Roman Forum 2006

Roman Forum 2006
Foro Romano, from the Palatine Hill - a favorite photo from one of my favorite cities

Saturday, February 25, 2012

Bloggo Trentisettesima: Sweet 'n' Sour: A Walk Along the Thames

Resolution: I have decided that before I leave London I am going to walk the entire Thames Path! Well, not the ENTIRE path, as that begins at the source of the Thames, but what is usually described as the Thames Path London: both sides of the river (not at once of course) from Hampton Court to the Thames Barrier!

Hampton Court Palace from the Thames
I should never begin with such a resolution! Why? Because some of you might hold me to it! But walking along the Thames has provided me with some of the greatest pleasures during my stay in London. And it's good exercise. Oh! And I get a certificate, suitable for framing, if I complete the walk!

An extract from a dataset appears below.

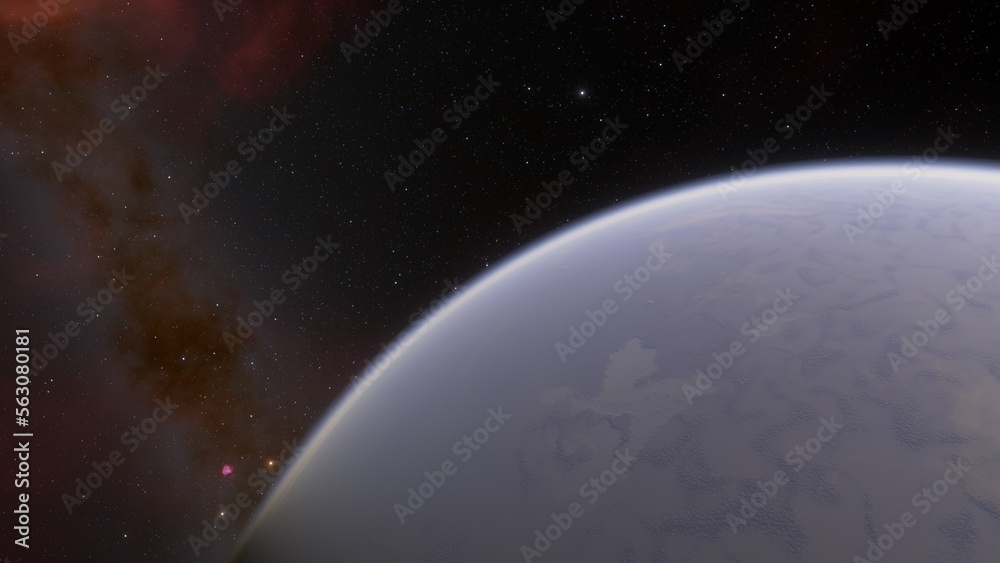 Obraz premium super-earth planet, realistic exoplanet, planet suitable for colonization, earth-like planet in far space, planets background 3d render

I won't do it in any set order, and some stretches I've already completed: a good bit of central London on both banks, and the route from Richmond to Ham House several times. Instead I'll do it as the
Richmond Upon Thames
idea came to me - not all at once, but in bits and pieces and in no particular order, the same way I have been strolling different parts of it without really thinking about such a goal. I am not certain how often I have walked from the South Bank Centre via the Royal National Theatre, Gabriel's Wharf and the Tate Modern to the Globe and back -- MANY times! That is one of my favorite walks anywhere, can't get enough of it. But I began to feel guilty that I wasn't giving the north side of the river as much attention, and I've now walked all of that from the Chelsea Embankment to just beyond Tower Bridge.
Tower Bridge from just east of it
Then, yesterday, after a week of being laid up with a flu and seeing that it was a sunny, beautiful, and unusually warm day, I decided to try out the path east of Tower Bridge on the South Bank. I had already tried that stretch along the North Bank, but possibly because I wasn't following the signs correctly I found myself stopped short in a very posh neighborhood built on waterways only a few hundred yards beyond the bridge. However along the South bank I walked and walked, enjoying the day and the views, and yesterday's walk is the subject of this blog post. It's much more sweet than sour, and I'll dispense with the sour fairly quickly, I promise, but here goes!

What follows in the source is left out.